Comme sa première partie (pas forcément nécessaire pour raccrocher les wagons ici), Les Douze Sœurs du château sans fin est un manga produit en premier lieu pour le marché occidental, et en particulier l’italien Hollow Press. D’où cet étrange format large, proche de l’album franco-belge mais à couverture souple et avec un sens de lecture occidental. Une première approche un peu déstabilisante mais très loin d’être désagréable puisque les hautes planches permettent clairement à Shintaro Kago de se montrer plus précis et pointilleux que jamais. Reposant énormément sur ses constructions architecturales démesurées, semblants s’étendre et se répéter à l’infini, l’album s’étire presque de l’intérieur, repoussé par la pression d’un univers en constante expansion où les châteaux médiévaux se dédoublent, se multiplient, se recomposent comme des brins d’ADN tandis qu’à l’intérieur les habitants bataillent autant pour l’espace restant que pour s’emparer de la beauté des fameuses princesses. Kago s’empare presque docilement des apparats du grand récit historique dans un premier temps pour rapidement vriller vers un pur délire graphique où chaque nouvelle mésaventure vécue par les sœurs est surtout l’occasion de prolonger au-delà du raisonnable le concept totalement halluciné du titre.
Maitresses de maison
En sommes une vaste tragédie du pouvoir et d’opposition entre les royaumes ennemis qui se mue en expérimentation architecturales ou les interconnections se dirigent nettement vers des schémas mathématiques grandiloquents ou des visions au super microscope de connexions neuronales. Uniquement brossées à l’encre de chine, ces illustrations confinent à l’abstrait, à l’insaisissable souvent, et contrastent par leur rigueur et leur quasi-pureté, avec la violence et l’horreur corporelle qui sévit entre les murs des bâtiments.
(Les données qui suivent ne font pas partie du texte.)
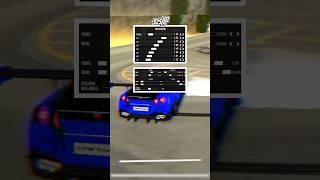 SMOOTH DRIFT SETTINGS NISSAN GTR R35 - CAR PARKING MULTIPLAYER #shorts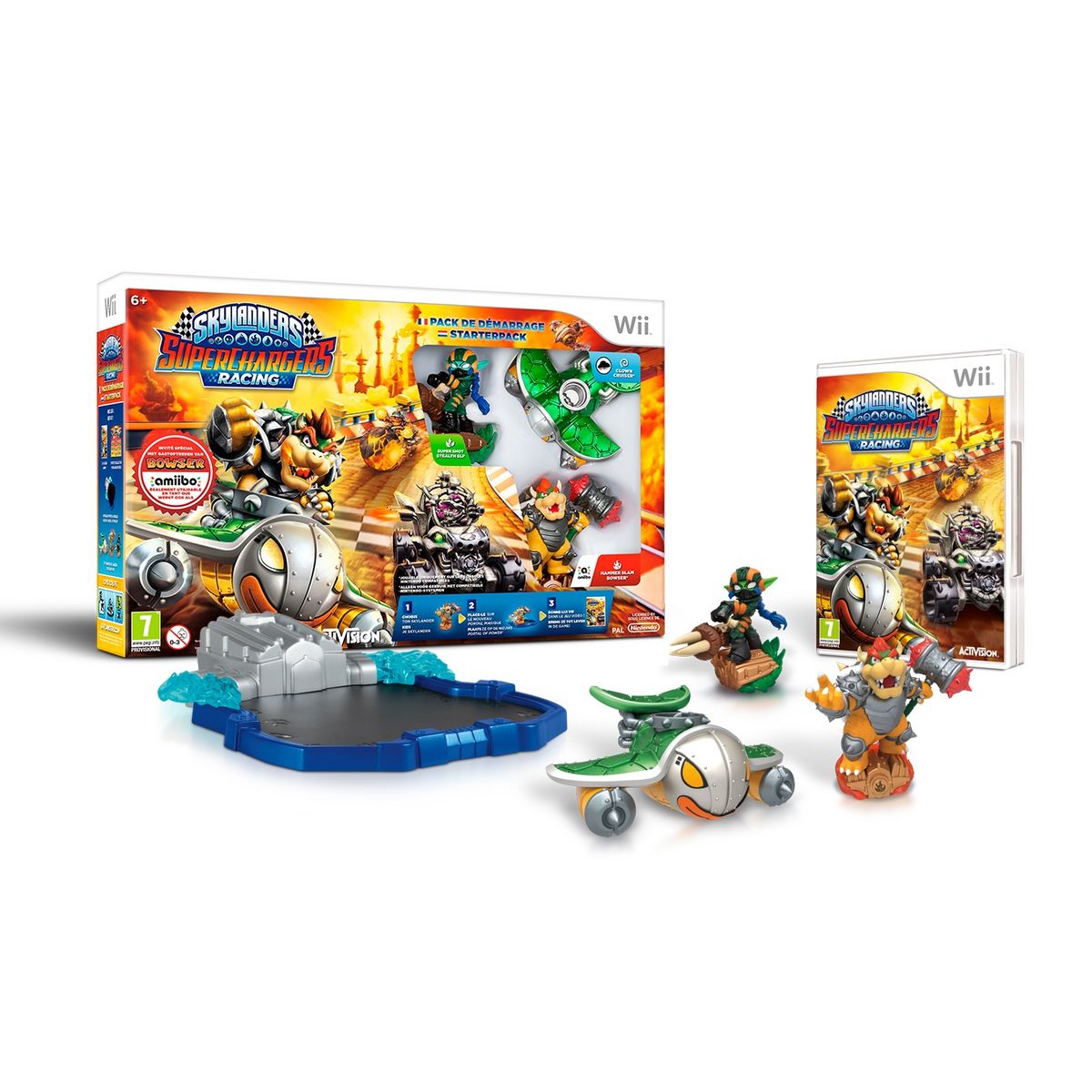 Skylanders SuperChargers Wii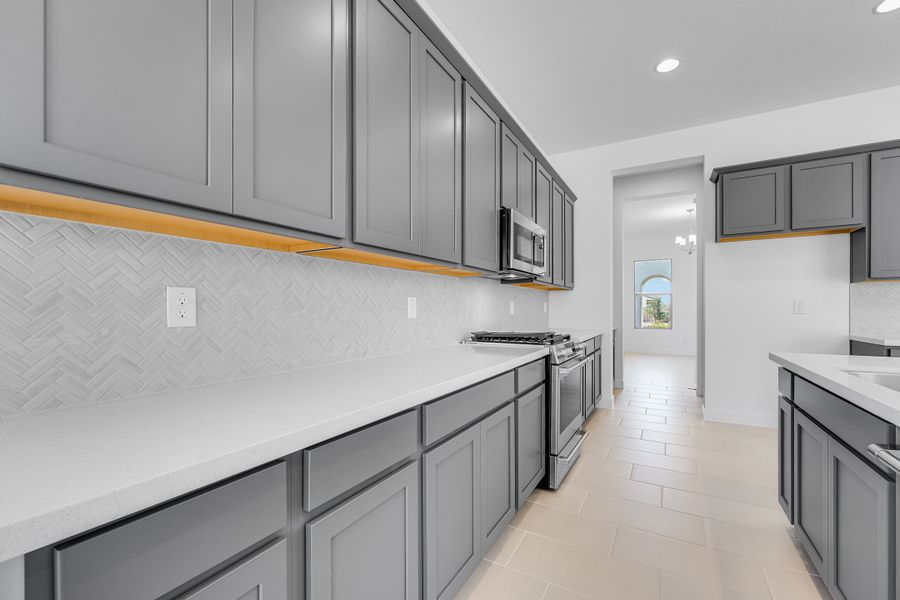 Representative furnished interior of a home built from the Revere by Taylor Morrison in Combs Ranch Landmark Collection, San Tan Valley (Image 8).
Figures sacrificielles et personnifications volontairement caricaturales de la position inconfortables des femmes dans le Japon féodale, les douze sœurs s’offrent aux sévices sadiques des seigneurs alentours dans quelques délires ero-guro dont l’artiste à le secret (compression des chairs, asticots glissés sous la peau…) et n’hésitent jamais à s’adonner au traditionnel sepuku. Mais ici les écoulements de tripes et de sang se muent justement en jaillissement de nouveaux bâtiments qu’elles pourront réinvestir dans un élan cyclonique des plus improbables.
Comme souvent avec Shintaro Kago, il est difficile de savoir dans quelle direction l’artiste veut nous embarquer et Les Douze sœurs du château sans fin semble se développer librement au gré des inspirations devant nos yeux. Une expérience forcément atypique.